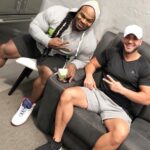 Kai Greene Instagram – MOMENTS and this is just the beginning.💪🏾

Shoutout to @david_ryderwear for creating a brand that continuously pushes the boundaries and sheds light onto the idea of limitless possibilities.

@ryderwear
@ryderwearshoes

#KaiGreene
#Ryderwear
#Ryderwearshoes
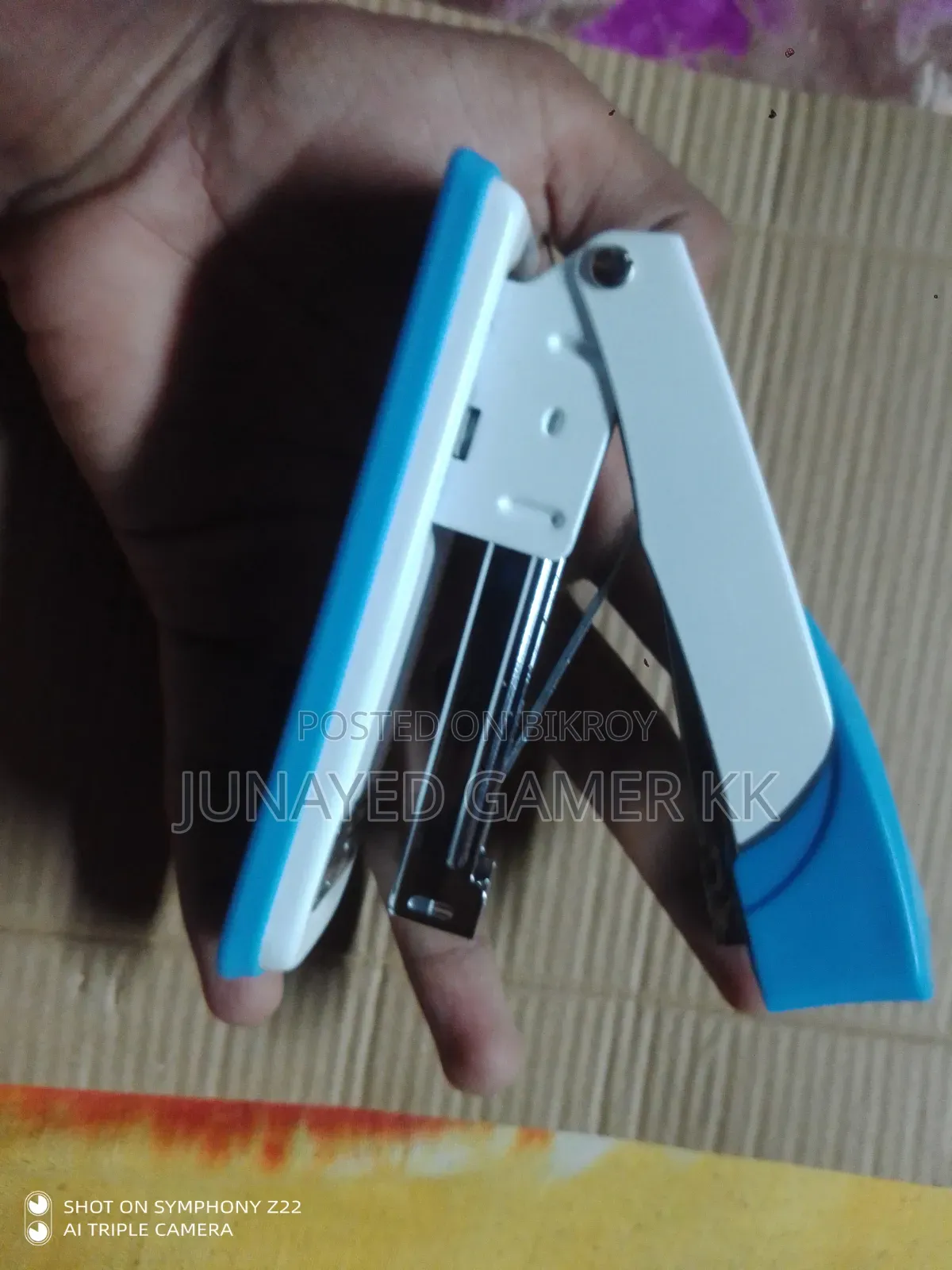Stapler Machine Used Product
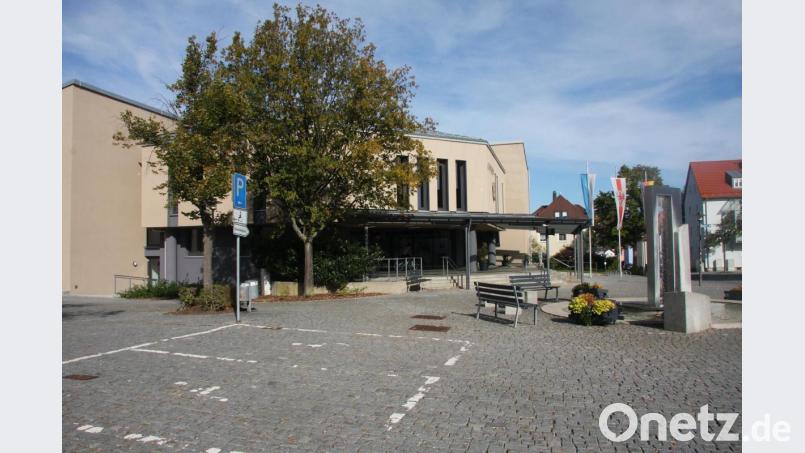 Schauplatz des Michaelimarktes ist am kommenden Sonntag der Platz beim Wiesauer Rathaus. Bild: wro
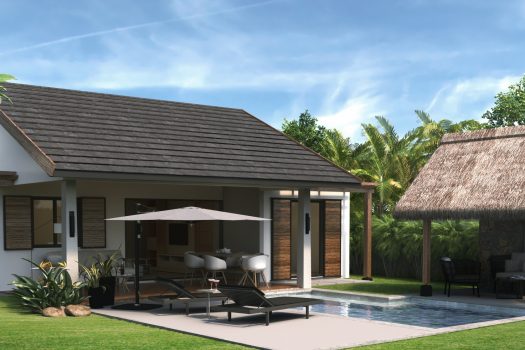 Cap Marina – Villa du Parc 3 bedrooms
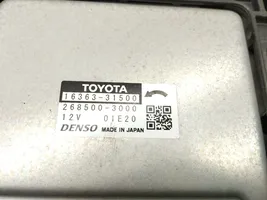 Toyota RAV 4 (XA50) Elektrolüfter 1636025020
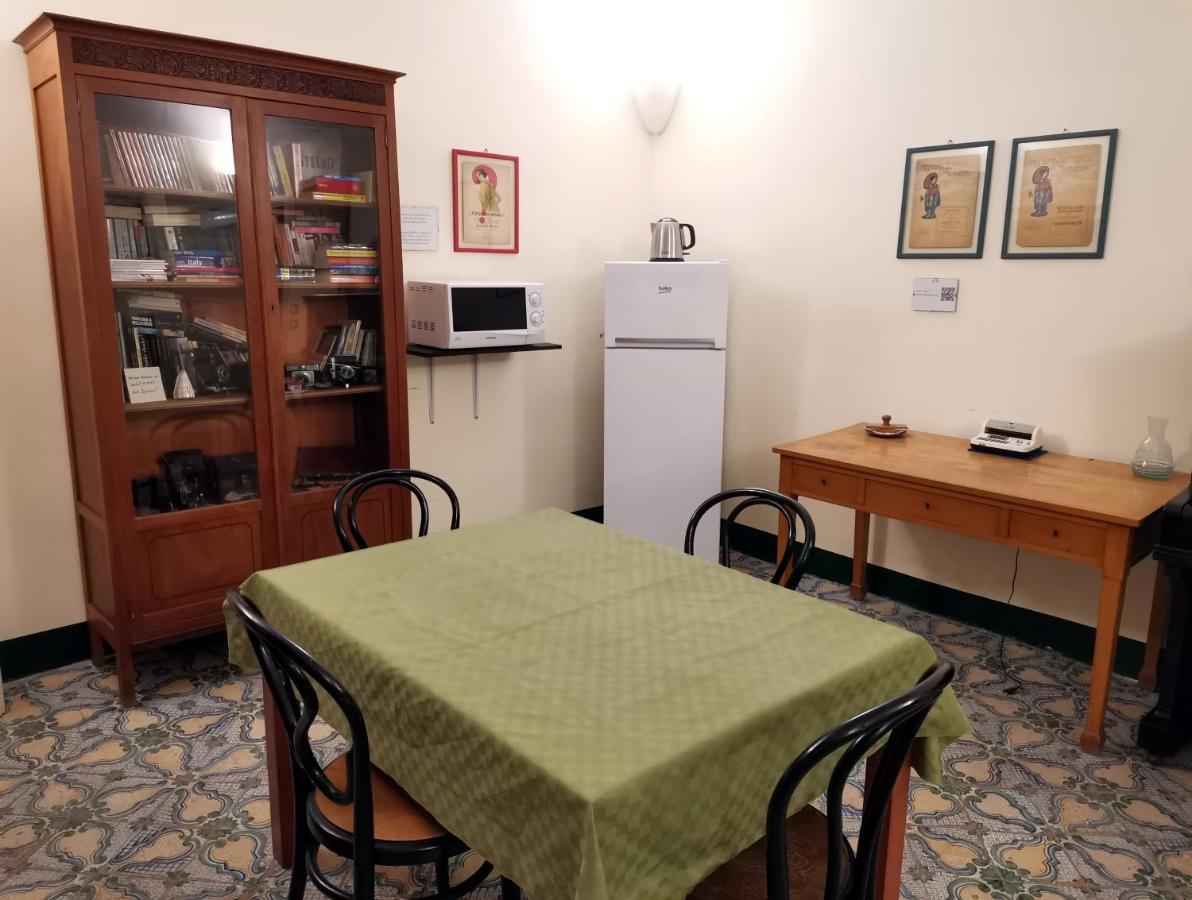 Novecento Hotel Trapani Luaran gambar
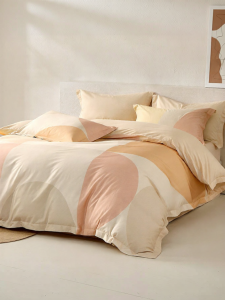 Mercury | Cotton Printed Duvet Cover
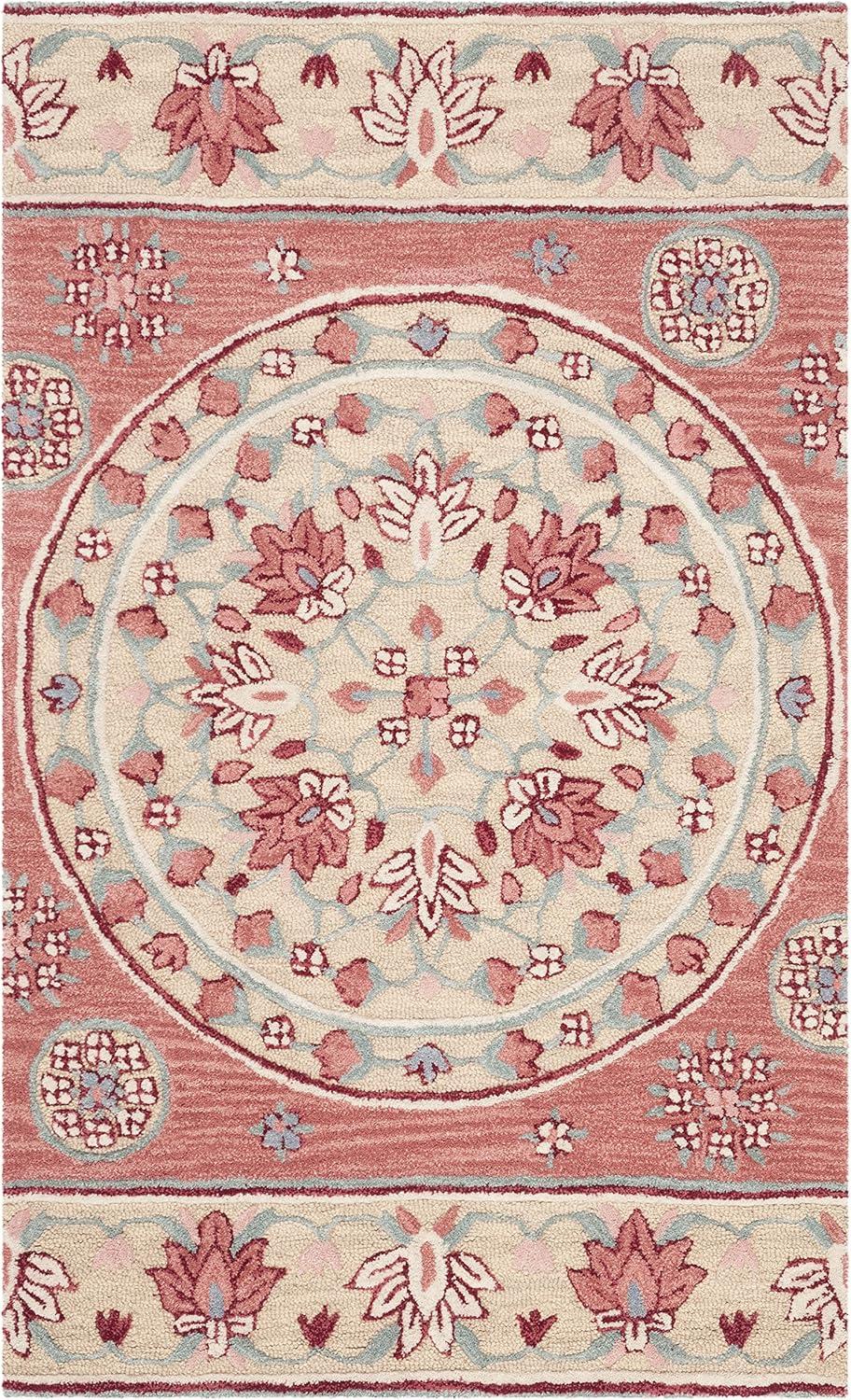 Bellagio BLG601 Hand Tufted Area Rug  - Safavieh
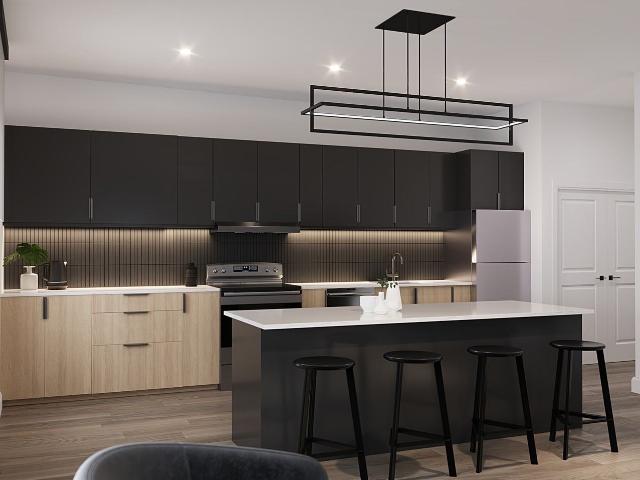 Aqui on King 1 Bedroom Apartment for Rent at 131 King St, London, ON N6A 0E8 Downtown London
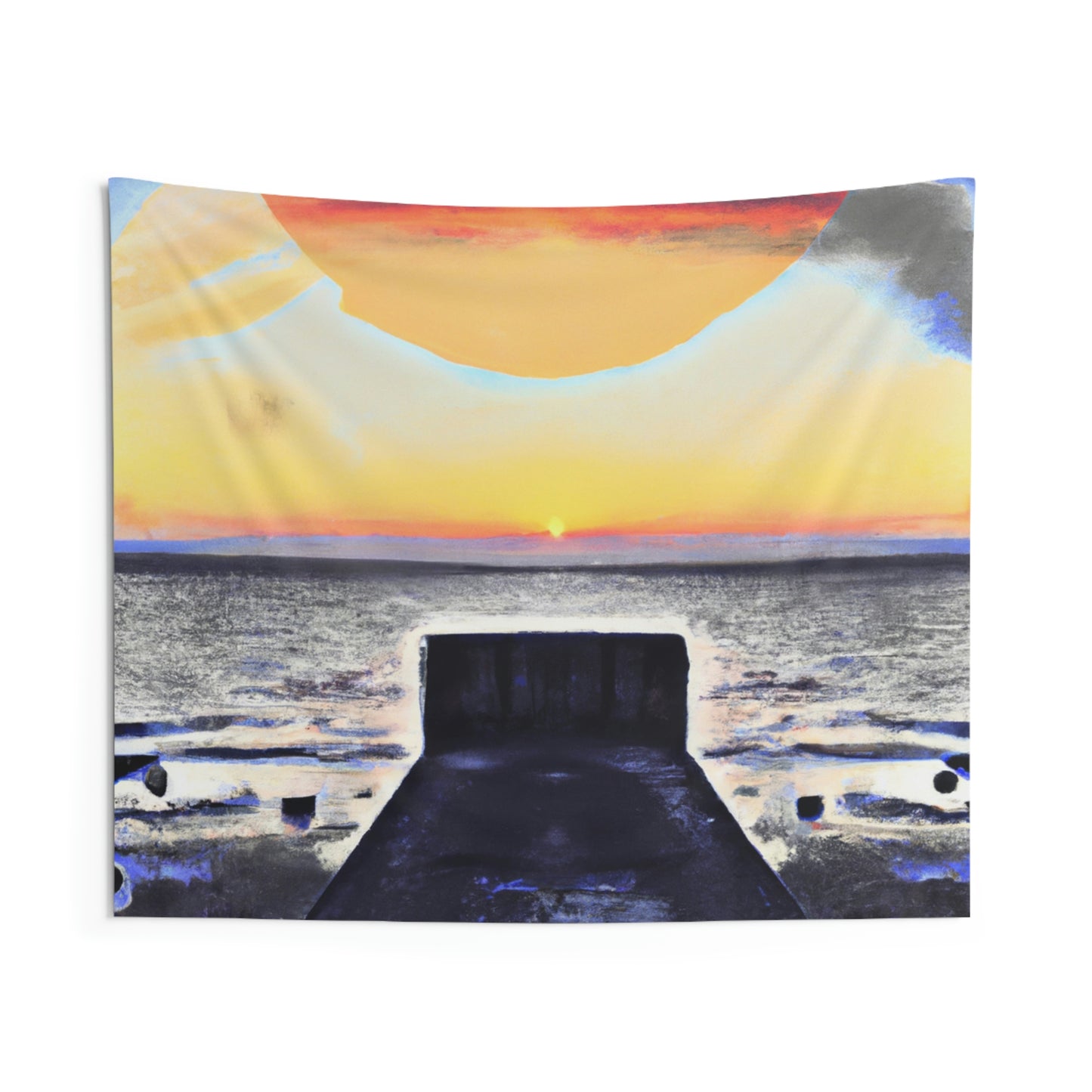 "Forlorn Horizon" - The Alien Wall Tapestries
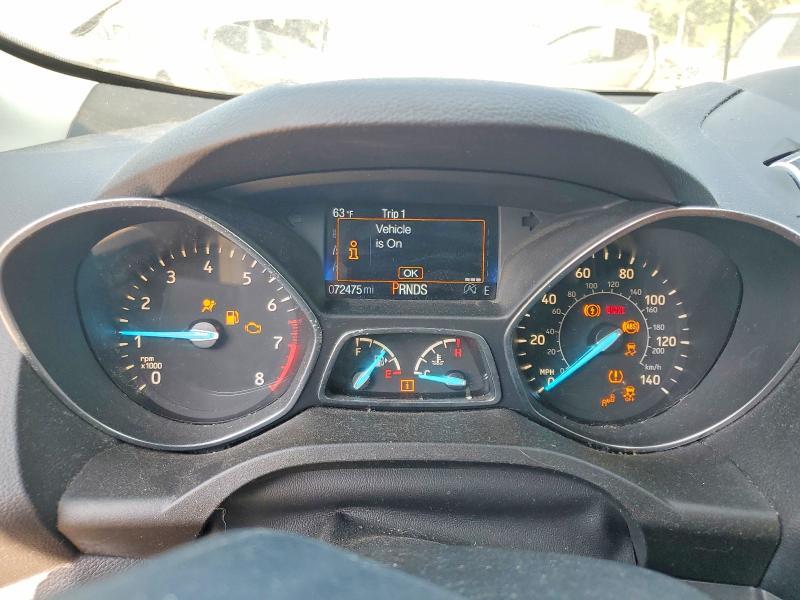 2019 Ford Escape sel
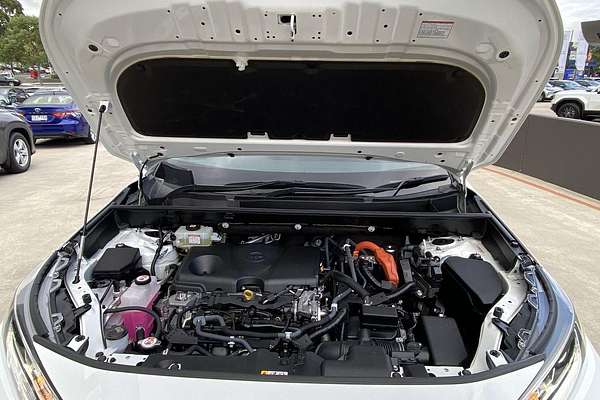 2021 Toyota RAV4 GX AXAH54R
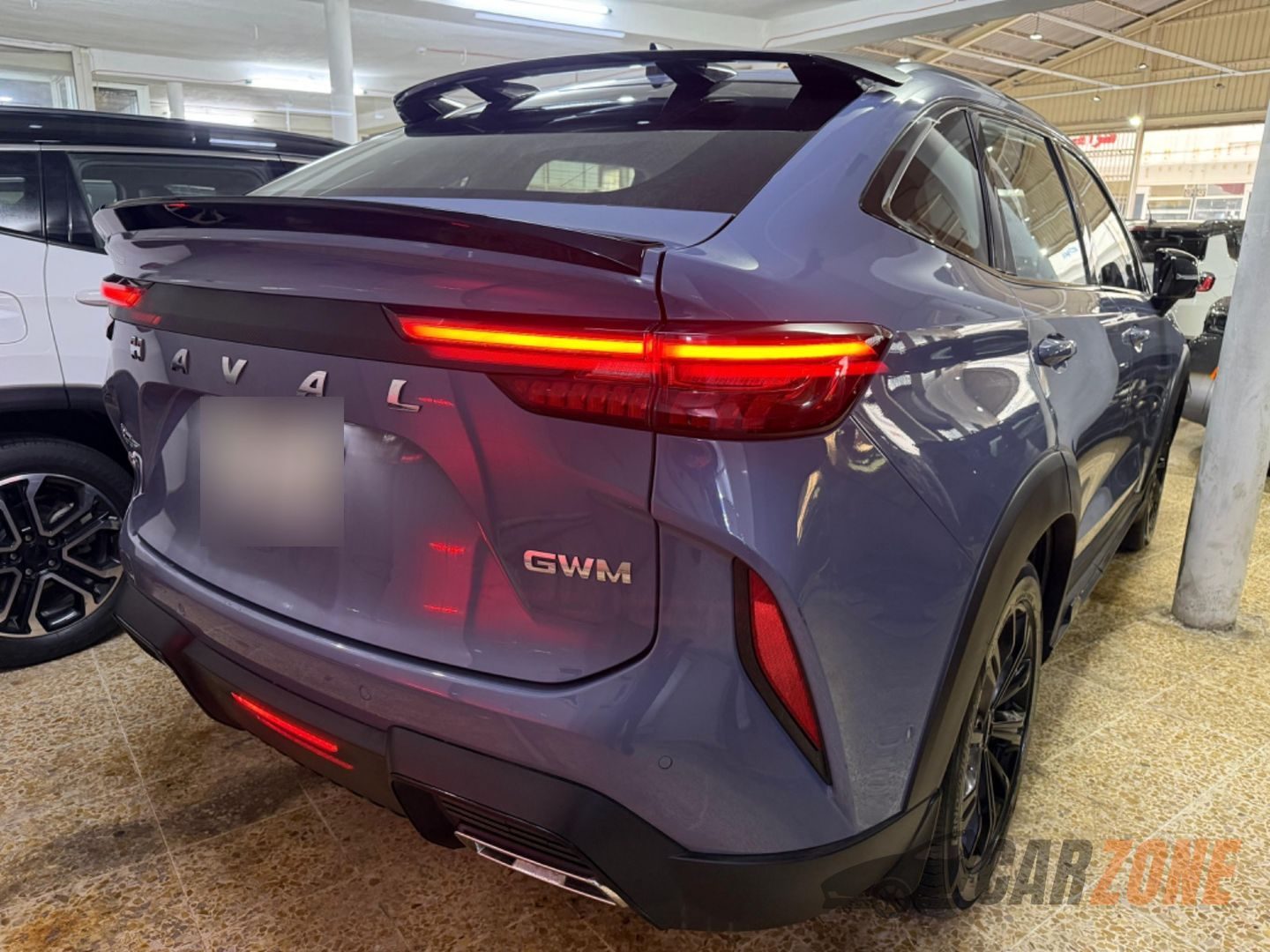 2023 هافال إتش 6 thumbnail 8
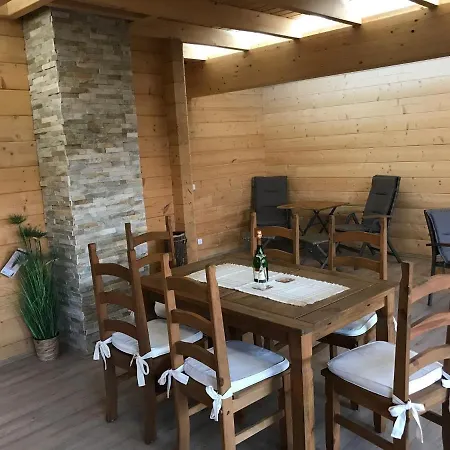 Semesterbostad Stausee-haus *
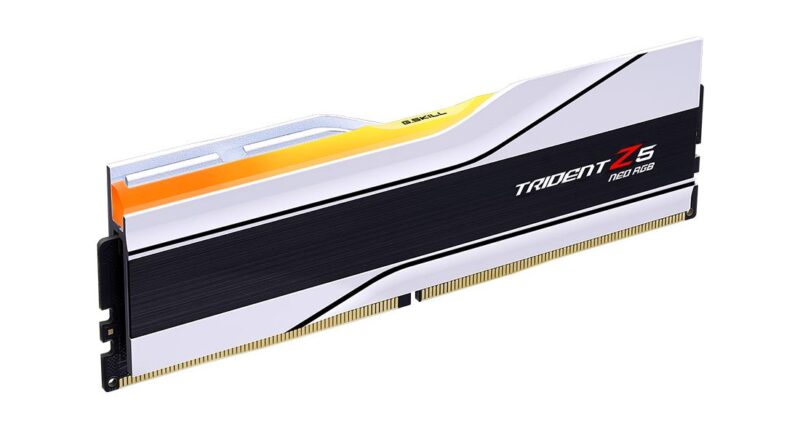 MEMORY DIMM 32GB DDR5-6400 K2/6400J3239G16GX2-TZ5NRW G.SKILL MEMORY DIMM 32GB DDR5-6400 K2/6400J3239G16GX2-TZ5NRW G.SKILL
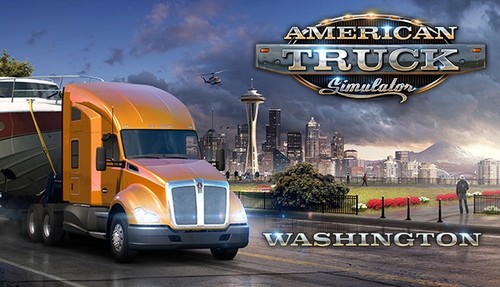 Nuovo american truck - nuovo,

----

What this task involves: Transcribe, exactly and without pictures, everything in the data from the line with "Stapler Machine Used Product" down to the line with "Aqui on King", both included.

Expected output:
Stapler Machine Used Product
 Schauplatz des Michaelimarktes ist am kommenden Sonntag der Platz beim Wiesauer Rathaus. Bild: wro
 Cap Marina – Villa du Parc 3 bedrooms
 Toyota RAV 4 (XA50) Elektrolüfter 1636025020
 Novecento Hotel Trapani Luaran gambar
 Mercury | Cotton Printed Duvet Cover
 Bellagio BLG601 Hand Tufted Area Rug  - Safavieh
 Aqui on King 1 Bedroom Apartment for Rent at 131 King St, London, ON N6A 0E8 Downtown London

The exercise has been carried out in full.